The variation in species makes it extremely difficult to assign a feed value without forage sampling and lab analysis. If considering grazing CRP options, there may be some regulation around supplementation that needs to be accounted for as well.

For all low-quality forages, a tailored supplement is necessary, and a lab analysis is crucial to make a supplementation program successful. A good supplement is formulated based on costs, target market date or weight, and performance goals. Keep targets realistic; performance above 2 to 2.5 pounds per head per day will help maintain marbling potential. While these gains can easily be achieved on high-quality forage and a mineral mix without a supplement, supplementation for the limiting nutrient(s) on low-quality forage will provide an economical performance boost.

Consider how the make-up of the supplement will impact performance. Growing cattle are in their peak need for metabolizable protein. This can be directly fed through rumen undegradable “bypass” protein, or created through bacteria turnover in the rumen, if enough energy is available. Protein supplementation on low-quality forage will boost performance partly because of higher dry matter intakes. The supplement composition’s impact on fiber digestibility should also be considered, especially on higher quality forage.

For high-fiber diets, feeding more than 0.4% body weight of a nonstructural carbohydrate (starch)-based supplement will hinder fiber digestibility. Instead, if supplementing over 0.4% of body weight, consider utilizing a digestible fiber supplement low in nonstructural carbohydrates such as soyhulls, corn gluten feed, distillers grains, or cottonseed meal.
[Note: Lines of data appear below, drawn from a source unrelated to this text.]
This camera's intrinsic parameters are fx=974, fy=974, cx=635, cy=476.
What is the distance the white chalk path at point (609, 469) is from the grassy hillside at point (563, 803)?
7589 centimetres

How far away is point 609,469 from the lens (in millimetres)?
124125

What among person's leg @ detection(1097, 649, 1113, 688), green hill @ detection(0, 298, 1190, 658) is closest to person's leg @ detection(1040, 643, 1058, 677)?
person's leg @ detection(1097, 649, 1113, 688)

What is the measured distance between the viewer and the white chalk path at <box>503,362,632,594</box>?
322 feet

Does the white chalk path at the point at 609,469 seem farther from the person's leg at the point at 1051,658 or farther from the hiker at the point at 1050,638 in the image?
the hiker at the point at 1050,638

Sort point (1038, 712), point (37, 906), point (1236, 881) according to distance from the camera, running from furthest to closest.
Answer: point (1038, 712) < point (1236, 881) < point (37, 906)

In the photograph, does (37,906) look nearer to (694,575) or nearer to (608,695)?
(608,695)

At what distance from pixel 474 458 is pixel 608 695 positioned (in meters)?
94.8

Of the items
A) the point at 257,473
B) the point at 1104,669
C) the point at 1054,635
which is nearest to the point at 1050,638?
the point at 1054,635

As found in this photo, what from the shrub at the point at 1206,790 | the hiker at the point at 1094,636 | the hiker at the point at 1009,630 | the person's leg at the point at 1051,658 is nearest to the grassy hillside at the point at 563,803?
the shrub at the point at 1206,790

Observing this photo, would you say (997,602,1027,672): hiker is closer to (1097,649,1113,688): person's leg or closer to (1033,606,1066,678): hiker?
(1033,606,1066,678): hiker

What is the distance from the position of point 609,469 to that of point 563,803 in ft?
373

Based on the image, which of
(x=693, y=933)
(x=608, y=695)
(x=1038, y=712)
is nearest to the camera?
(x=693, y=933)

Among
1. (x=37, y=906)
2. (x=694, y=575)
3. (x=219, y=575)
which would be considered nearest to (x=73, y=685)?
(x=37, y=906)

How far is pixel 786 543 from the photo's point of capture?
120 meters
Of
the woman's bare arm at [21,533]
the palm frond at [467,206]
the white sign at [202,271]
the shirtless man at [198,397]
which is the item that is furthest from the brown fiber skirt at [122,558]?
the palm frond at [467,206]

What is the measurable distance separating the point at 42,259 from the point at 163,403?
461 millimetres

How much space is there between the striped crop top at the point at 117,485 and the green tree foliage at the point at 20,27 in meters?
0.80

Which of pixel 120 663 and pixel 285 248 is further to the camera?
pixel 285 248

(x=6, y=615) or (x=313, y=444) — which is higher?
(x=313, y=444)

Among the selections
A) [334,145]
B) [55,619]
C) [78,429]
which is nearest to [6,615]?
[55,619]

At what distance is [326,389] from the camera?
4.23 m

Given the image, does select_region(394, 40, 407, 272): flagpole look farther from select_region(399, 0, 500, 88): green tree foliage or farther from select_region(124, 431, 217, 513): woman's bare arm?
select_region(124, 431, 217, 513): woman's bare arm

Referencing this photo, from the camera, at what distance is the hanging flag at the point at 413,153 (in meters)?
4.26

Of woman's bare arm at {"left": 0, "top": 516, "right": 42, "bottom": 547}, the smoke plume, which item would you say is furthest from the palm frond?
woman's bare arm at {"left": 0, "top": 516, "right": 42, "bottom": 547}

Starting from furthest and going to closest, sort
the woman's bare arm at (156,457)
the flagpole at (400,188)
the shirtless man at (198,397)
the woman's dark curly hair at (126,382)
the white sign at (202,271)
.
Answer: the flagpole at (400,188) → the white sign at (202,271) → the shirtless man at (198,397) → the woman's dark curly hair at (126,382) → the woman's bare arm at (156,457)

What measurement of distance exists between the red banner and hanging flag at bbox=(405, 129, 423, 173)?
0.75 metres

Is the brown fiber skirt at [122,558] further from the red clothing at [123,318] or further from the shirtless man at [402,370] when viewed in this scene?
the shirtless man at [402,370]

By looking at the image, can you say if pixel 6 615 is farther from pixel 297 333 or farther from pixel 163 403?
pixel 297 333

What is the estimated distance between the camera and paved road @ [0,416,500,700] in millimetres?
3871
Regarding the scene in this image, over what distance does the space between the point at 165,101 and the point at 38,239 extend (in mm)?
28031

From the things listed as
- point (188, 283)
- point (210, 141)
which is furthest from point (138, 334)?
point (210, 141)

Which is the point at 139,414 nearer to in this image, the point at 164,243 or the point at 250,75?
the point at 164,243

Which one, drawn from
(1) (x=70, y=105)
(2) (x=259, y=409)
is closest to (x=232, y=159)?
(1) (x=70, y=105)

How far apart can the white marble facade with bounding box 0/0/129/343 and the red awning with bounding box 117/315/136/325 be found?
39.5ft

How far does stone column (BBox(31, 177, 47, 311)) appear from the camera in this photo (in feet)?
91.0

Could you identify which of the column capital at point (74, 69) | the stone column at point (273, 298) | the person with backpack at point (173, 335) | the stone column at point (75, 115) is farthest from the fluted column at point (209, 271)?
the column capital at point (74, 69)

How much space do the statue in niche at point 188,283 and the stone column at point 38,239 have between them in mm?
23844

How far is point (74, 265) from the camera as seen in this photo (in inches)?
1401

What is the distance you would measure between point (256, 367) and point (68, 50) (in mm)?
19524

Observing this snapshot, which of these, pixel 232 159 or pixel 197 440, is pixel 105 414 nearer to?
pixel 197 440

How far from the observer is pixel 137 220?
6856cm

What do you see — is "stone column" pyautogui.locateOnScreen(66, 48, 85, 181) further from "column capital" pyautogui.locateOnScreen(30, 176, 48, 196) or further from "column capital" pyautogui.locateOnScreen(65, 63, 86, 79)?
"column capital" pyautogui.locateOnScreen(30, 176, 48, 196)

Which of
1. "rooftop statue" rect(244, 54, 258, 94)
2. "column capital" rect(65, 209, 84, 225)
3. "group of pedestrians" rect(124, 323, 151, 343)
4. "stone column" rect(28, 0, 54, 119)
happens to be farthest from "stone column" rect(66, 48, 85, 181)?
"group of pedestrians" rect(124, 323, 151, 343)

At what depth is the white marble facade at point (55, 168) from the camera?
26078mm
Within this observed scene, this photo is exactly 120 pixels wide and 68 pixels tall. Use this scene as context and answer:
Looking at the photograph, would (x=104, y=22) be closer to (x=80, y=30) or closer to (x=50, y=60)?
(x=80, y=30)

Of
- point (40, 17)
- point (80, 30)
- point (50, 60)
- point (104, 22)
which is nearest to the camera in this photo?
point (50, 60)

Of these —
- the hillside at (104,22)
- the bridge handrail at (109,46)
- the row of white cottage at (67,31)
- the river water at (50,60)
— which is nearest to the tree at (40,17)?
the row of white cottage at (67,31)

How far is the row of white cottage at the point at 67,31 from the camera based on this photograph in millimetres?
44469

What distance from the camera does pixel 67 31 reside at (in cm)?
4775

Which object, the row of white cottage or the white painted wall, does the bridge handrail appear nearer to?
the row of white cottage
Compared to a high-starch supplement, a 15% to 30% boost in performance per unit of total digestible nutrients (TDN) supplemented can be achieved. Also, consider adding an ionophore to the supplement. Ionophores fed with forage diets have shown to improve gains by 0.15 to 0.25 pounds per day without noted changes in dry matter intake.

Make it better

Low-quality forages are poorly digestible, so if mechanically harvesting, consider options like alkali treatment or ammoniation to improve fiber digestibility. For example, Nebraska research demonstrated more than a 15% boost in neutral detergent fiber digestibility when corn residue bales were ammoniated post-harvest. A protein boost due to added ammonia also occurred. If considering treating feeds, contact your extension specialist or nutritionist to ensure proper technique and follow safety precautions.
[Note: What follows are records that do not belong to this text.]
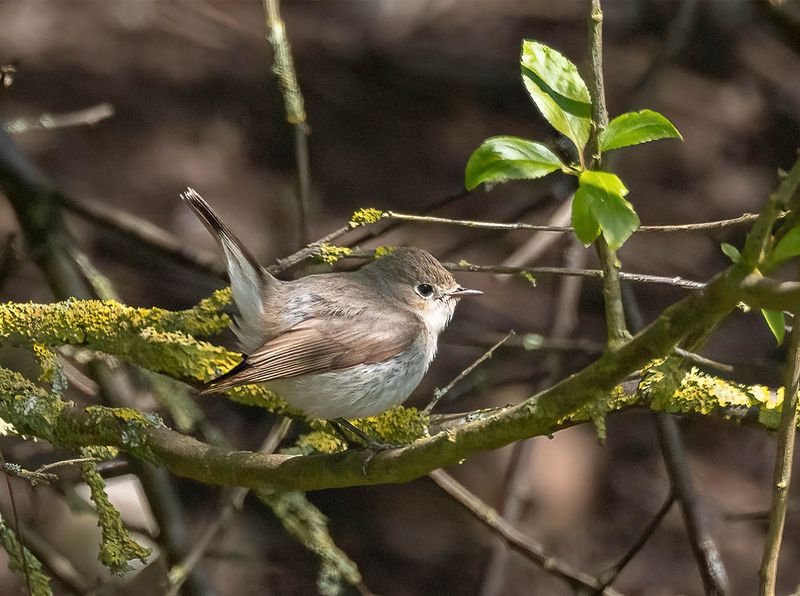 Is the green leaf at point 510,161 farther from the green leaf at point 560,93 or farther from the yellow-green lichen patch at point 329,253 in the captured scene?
the yellow-green lichen patch at point 329,253

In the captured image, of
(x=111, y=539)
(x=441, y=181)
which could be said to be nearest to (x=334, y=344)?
(x=111, y=539)

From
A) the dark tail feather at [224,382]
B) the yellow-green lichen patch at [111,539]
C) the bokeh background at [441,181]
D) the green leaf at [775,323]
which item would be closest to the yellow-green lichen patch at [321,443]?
the dark tail feather at [224,382]

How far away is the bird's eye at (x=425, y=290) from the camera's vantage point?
3.84m

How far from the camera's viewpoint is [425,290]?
152 inches

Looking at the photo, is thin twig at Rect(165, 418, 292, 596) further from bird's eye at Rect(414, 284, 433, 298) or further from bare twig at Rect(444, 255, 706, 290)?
bare twig at Rect(444, 255, 706, 290)

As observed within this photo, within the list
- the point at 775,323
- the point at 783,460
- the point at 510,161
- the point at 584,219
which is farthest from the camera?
the point at 783,460

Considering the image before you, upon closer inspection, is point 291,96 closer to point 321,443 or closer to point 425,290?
point 425,290

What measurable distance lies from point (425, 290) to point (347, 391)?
780mm

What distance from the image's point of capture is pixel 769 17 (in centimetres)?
431

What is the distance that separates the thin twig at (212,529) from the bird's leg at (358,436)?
0.89 ft

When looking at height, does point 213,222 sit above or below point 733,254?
above

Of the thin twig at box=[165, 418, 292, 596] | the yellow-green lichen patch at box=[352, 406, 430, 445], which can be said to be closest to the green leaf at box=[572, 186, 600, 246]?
the yellow-green lichen patch at box=[352, 406, 430, 445]

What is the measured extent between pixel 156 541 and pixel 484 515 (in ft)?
3.95

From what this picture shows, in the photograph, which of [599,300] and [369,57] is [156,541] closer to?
[599,300] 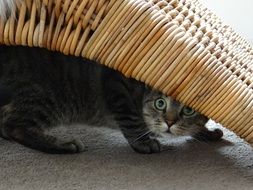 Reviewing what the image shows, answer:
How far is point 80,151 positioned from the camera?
1442 millimetres

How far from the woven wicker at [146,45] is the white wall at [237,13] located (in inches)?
42.4

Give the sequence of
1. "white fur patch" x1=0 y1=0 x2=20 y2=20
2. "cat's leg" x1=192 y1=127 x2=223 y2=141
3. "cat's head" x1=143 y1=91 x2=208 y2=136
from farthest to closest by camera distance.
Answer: "cat's leg" x1=192 y1=127 x2=223 y2=141 < "cat's head" x1=143 y1=91 x2=208 y2=136 < "white fur patch" x1=0 y1=0 x2=20 y2=20

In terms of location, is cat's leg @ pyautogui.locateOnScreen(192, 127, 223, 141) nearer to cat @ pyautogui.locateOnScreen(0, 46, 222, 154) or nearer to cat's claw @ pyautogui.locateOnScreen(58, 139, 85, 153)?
cat @ pyautogui.locateOnScreen(0, 46, 222, 154)

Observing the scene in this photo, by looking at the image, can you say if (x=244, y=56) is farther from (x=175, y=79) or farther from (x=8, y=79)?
(x=8, y=79)

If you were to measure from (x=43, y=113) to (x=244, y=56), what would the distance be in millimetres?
551

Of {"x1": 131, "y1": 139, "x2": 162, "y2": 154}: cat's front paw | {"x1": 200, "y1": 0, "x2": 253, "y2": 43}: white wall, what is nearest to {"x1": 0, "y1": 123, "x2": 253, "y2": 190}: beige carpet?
{"x1": 131, "y1": 139, "x2": 162, "y2": 154}: cat's front paw

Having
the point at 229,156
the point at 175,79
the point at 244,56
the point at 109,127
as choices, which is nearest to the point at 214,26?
the point at 244,56

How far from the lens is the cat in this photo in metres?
1.43

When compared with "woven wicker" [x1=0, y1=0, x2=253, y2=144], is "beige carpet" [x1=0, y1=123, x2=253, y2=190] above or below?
below

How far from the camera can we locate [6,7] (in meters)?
1.19

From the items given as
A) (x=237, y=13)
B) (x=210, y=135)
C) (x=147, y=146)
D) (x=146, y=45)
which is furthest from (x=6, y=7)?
(x=237, y=13)

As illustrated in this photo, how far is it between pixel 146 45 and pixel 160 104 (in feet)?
0.89

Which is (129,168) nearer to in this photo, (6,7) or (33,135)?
(33,135)

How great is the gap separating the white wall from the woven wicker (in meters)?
1.08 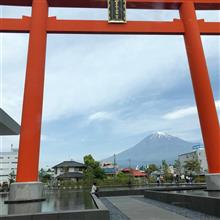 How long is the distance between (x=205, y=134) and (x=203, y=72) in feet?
7.61

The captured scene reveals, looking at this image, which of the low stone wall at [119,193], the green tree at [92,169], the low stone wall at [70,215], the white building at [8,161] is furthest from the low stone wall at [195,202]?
the white building at [8,161]

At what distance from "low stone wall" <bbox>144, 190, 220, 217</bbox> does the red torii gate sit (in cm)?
188

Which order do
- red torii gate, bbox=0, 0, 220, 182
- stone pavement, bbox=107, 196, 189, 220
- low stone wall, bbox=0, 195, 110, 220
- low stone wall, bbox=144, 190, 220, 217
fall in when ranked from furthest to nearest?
red torii gate, bbox=0, 0, 220, 182
stone pavement, bbox=107, 196, 189, 220
low stone wall, bbox=144, 190, 220, 217
low stone wall, bbox=0, 195, 110, 220

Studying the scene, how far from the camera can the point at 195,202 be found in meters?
7.61

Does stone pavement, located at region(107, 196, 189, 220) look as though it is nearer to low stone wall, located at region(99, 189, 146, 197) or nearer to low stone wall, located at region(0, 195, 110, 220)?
low stone wall, located at region(0, 195, 110, 220)

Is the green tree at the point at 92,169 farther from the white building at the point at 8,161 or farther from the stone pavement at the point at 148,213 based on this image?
the white building at the point at 8,161

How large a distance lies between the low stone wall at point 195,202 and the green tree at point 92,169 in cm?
2310

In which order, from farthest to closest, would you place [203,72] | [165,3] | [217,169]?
[165,3], [203,72], [217,169]

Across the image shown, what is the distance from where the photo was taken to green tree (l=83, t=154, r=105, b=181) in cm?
3344

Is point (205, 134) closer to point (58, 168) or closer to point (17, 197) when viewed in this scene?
point (17, 197)

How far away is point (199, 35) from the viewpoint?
38.2ft

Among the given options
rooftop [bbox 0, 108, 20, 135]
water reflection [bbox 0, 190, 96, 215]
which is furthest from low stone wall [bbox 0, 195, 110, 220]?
rooftop [bbox 0, 108, 20, 135]

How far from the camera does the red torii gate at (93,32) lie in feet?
31.5

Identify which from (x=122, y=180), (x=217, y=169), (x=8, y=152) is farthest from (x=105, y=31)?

Grazing corn residue is a very effective option for stocker calves, but diet quality and how it changes over time needs to be accounted for. Upon turnout, cattle will select grain husk and leaf first, which are the plant parts with the most feed value. Therefore, supplementation strategy, grazing management, and stocking density should account for diet selectivity. For baled corn residue, harvesting to favor more leaf and husk versus stalks significantly improves the feed value as well.

Typically, high-quality forages like silage or vegetative forages are higher in crude protein and energy. A significant driver to the higher energy is fiber digestibility. The more vegetative the forage, the more digestible the fiber is. Ensiling forage generally improves forage quality, and utilizing an inoculant may add to that improvement. To be successful, harvesting and storing to promote good fermentation is essential.

Finally, consider utilizing implants to significantly boost performance. Multiple implants have been developed for growing cattle that are grazing or in confinement. The performance response of an implant is better described as a percentage rather than expecting a standard response. In other words, the better the feed that the animal is consuming, the larger the response from an implant. A reasonable expectation is a 10% to 20% performance improvement.

A common denominator for all beef producers, especially this year, is that getting the most out of available forages is crucial to operation profitability. Growing a feeder calf postweaning is an option to utilize less traditional forage options in a manner that produces more pounds to market. •

BETH REYNOLDS

Reynolds is an extension beef program specialist with Iowa State University.